This passage (you are quoting) takes something from the general structure of Hegel's Encyclopedia, and mixes it together with a quote from the end of Hegel's (early text) the Phenomenology of Spirit.

Let me start with general things about Hegel's system.

Hegel starts with Logic, which develops all the categories of thinking considered as pure thoughts, without reference to anything external. So Logic discusses basic philosophical categories (being, nothing, existence, cause, effect, finite, infinite, one, many, etc.) and tries to show that each one, if taken in isolation, is self-contradictory. Then, Hegel attempts to show that we can systematically derive the entire system of all philosophical categories based on how they contradict themselves. He does this through what he calls the Dialectical Method

The Logic transitions into the Philosophy of Nature, which dialectically develops all the categories of thinking, yet understood in terms of the "thought of externality." For example, instead of starting with Being, Hegel starts with pure space (space is "externality"). Instead of turning into Becoming, Space turns into Time (time is the movement of becoming with reference to externality. It's not a "pure thought," but the thought of becoming occurring within nature).

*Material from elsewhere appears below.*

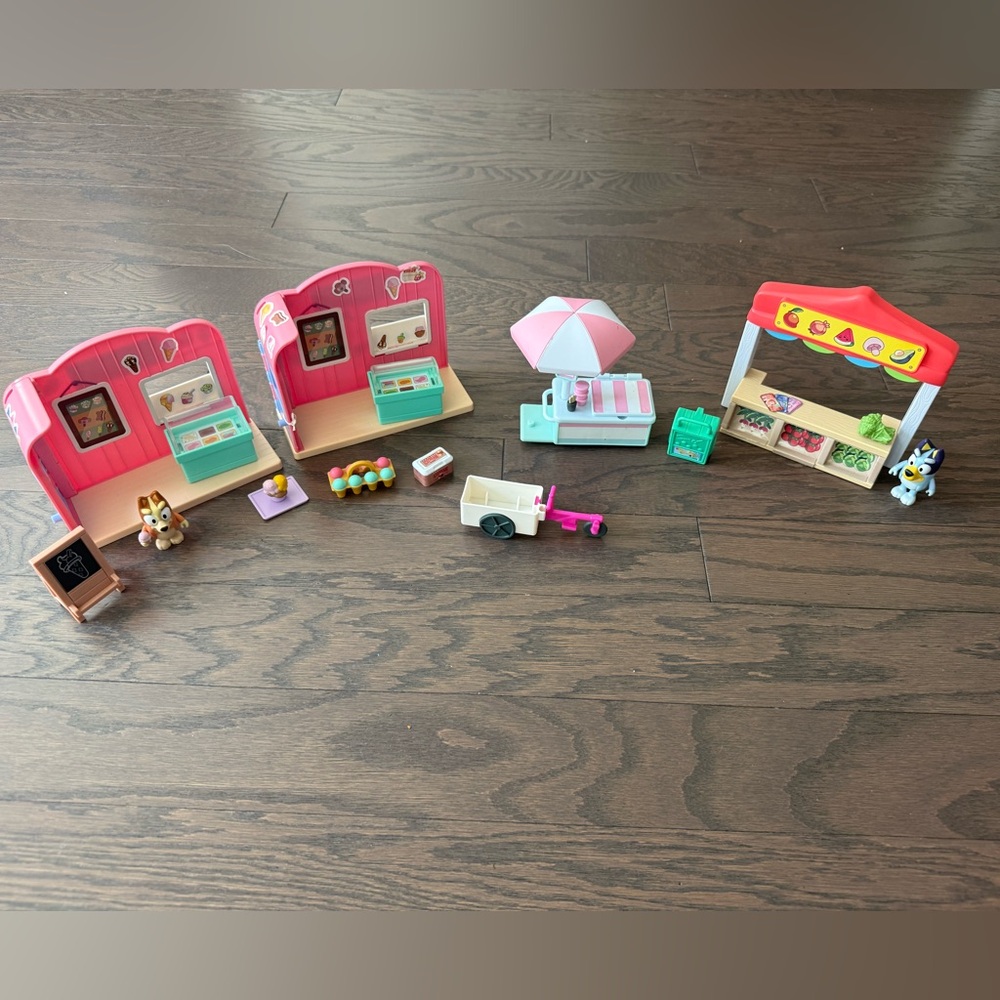 Disney Bluey Market & Bingo Ice Cream Shop lot Playset figures toy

The philosophy of nature develops the concept of life, and life itself already shows signs of implicit mental activity. This leads to the final portion of the Encyclopedia, which is The Philosophy of Mind/Spirit.

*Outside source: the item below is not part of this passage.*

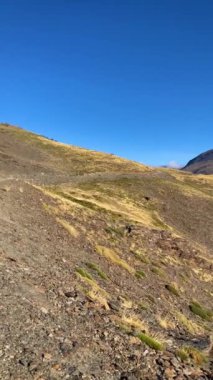 Bulutlu dağların üzerinden Mulhacen Tepesi 'ne, Sierra Nevada Ulusal Parkı' na, Endülüs 'e, İspanya' ya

Now Logic was already engaged with mind, because the Logic is a science of pure thought. So in this sense, the Philosophy of Mind is a return to itself from out of the externality of nature. Yet the Philosophy of Mind examines what we might call "embodied thought", or thought considered as it develops itself through the concrete activity of minds. This book of the Encyclopedia will end by discussing different attempts to give expression to the idea of "absolute mind/spirit", including various forms of representational art and the content of various religions. Yet for Hegel, absolute spirit is philosophy, which is in fact "thought thinking itself," what Aristotle described as God. Philosophy is the system itself, which Logic expresses as a science of various logical categories, nature as thinking that's external to itself, and mind/spirit as thinking that has returned to itself out of nature and attempted to understand itself concretely as its own activity.


Logic: pure thoughts, thinking about thinking.

Nature: thoughts but of nature, of external things, thinking about thinking about things outside of thinking.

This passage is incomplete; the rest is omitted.